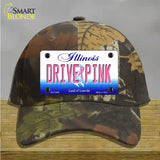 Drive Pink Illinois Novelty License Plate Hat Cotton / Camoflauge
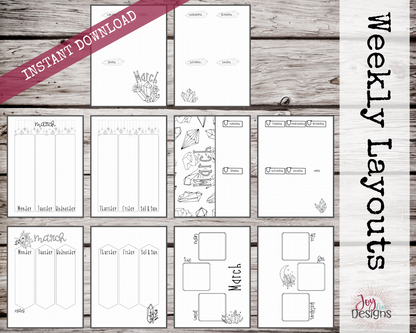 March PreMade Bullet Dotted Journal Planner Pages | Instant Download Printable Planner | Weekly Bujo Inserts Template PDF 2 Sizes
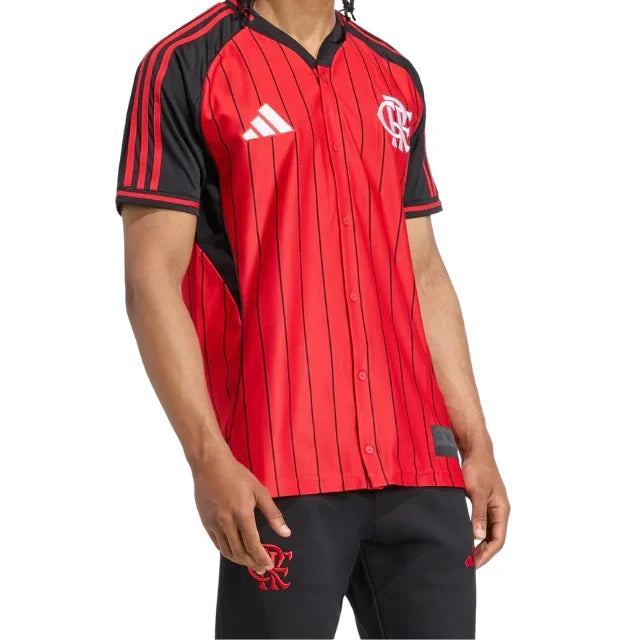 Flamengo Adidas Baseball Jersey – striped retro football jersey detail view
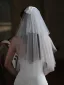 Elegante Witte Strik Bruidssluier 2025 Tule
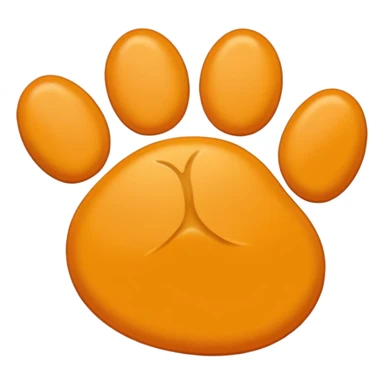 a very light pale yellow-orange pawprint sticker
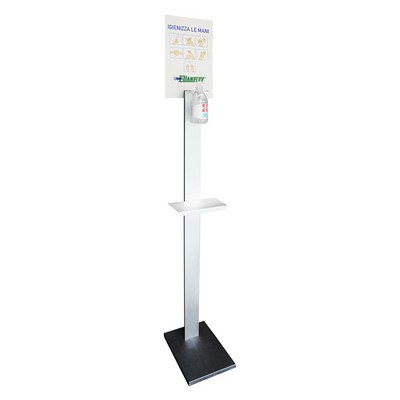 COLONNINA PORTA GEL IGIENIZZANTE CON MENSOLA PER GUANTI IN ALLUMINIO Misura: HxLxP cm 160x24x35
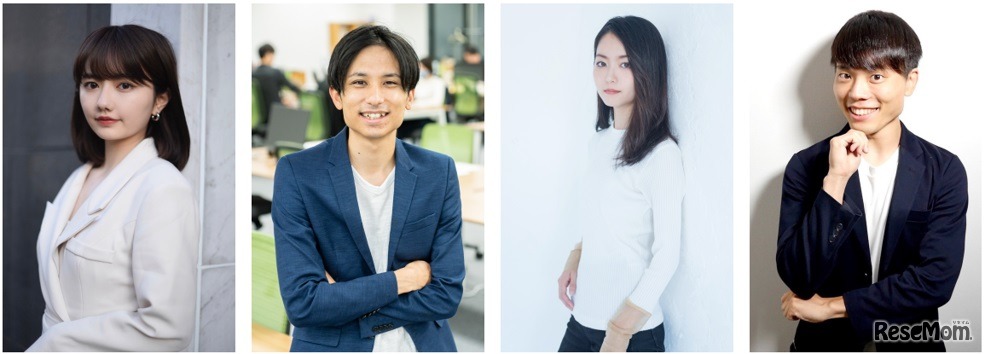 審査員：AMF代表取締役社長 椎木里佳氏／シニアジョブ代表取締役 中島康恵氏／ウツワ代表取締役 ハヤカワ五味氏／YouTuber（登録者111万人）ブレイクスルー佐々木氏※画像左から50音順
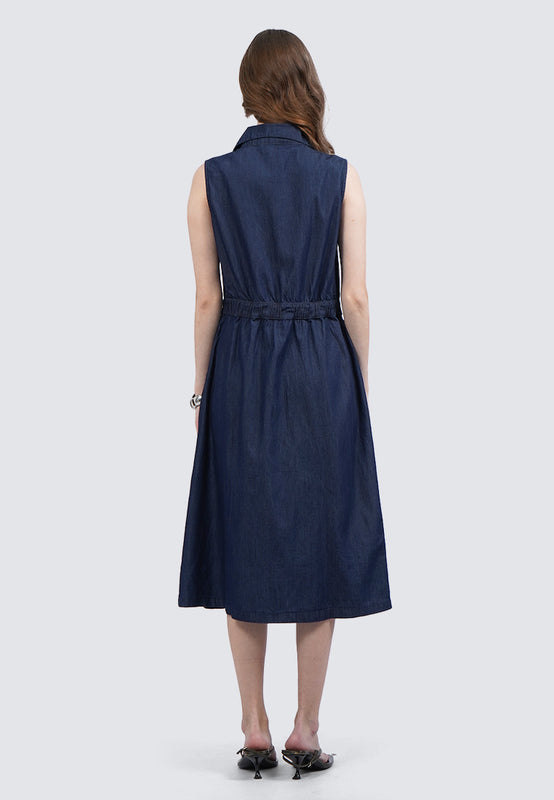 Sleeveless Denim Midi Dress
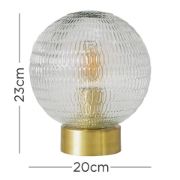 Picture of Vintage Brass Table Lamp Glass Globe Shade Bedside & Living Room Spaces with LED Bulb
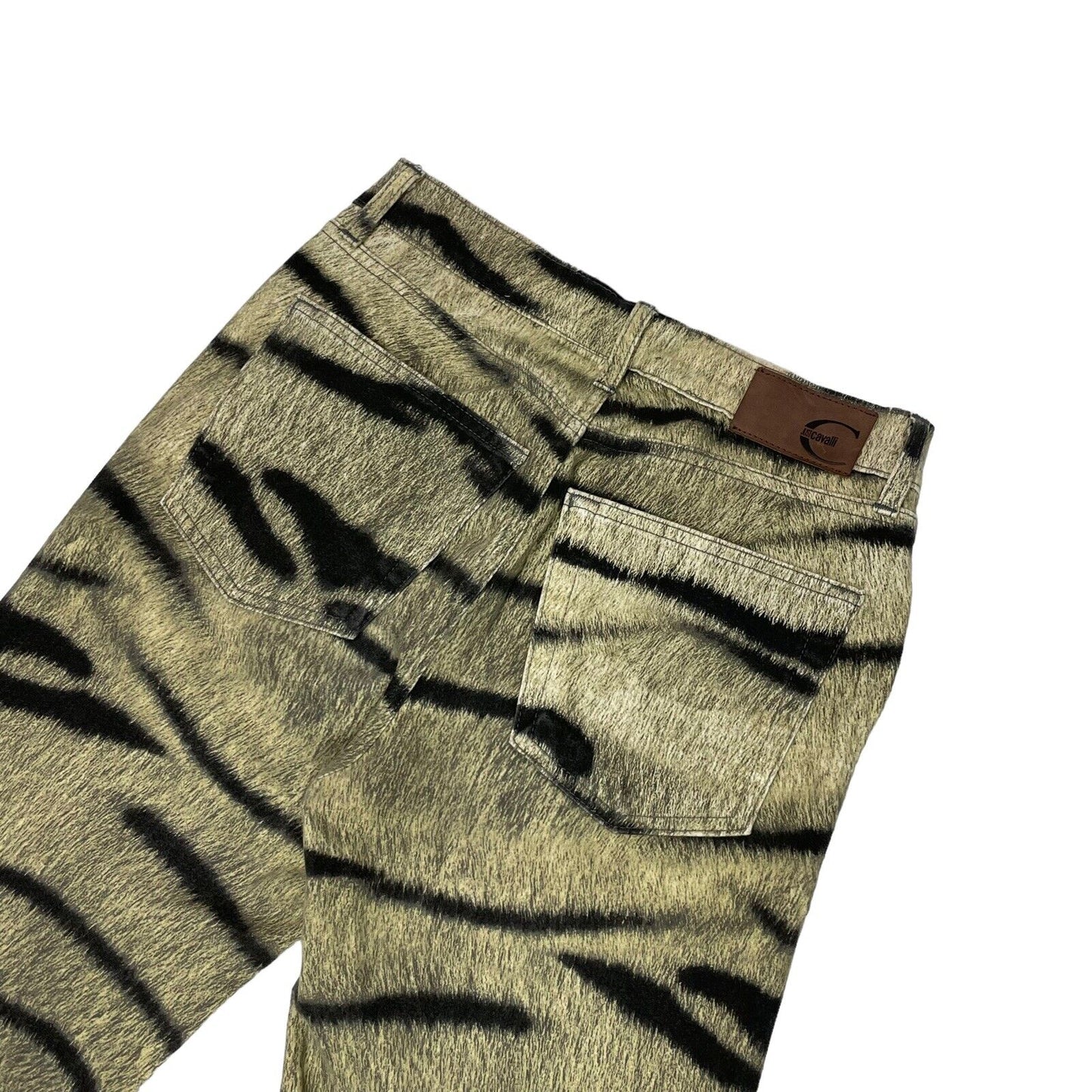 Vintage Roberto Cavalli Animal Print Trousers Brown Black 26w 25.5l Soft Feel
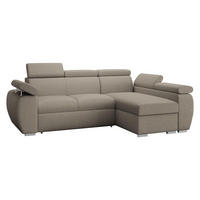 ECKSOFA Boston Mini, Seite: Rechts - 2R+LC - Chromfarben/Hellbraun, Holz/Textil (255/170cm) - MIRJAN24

----------

*Work order*
With pictures removed, write out exactly each line of the entries from the first through the line that holds "a very light".

*Task solution*
 Drive Pink Illinois Novelty License Plate Hat Cotton / Camoflauge
 March PreMade Bullet Dotted Journal Planner Pages | Instant Download Printable Planner | Weekly Bujo Inserts Template PDF 2 Sizes
 Flamengo Adidas Baseball Jersey – striped retro football jersey detail view
 Elegante Witte Strik Bruidssluier 2025 Tule
 a very light pale yellow-orange pawprint sticker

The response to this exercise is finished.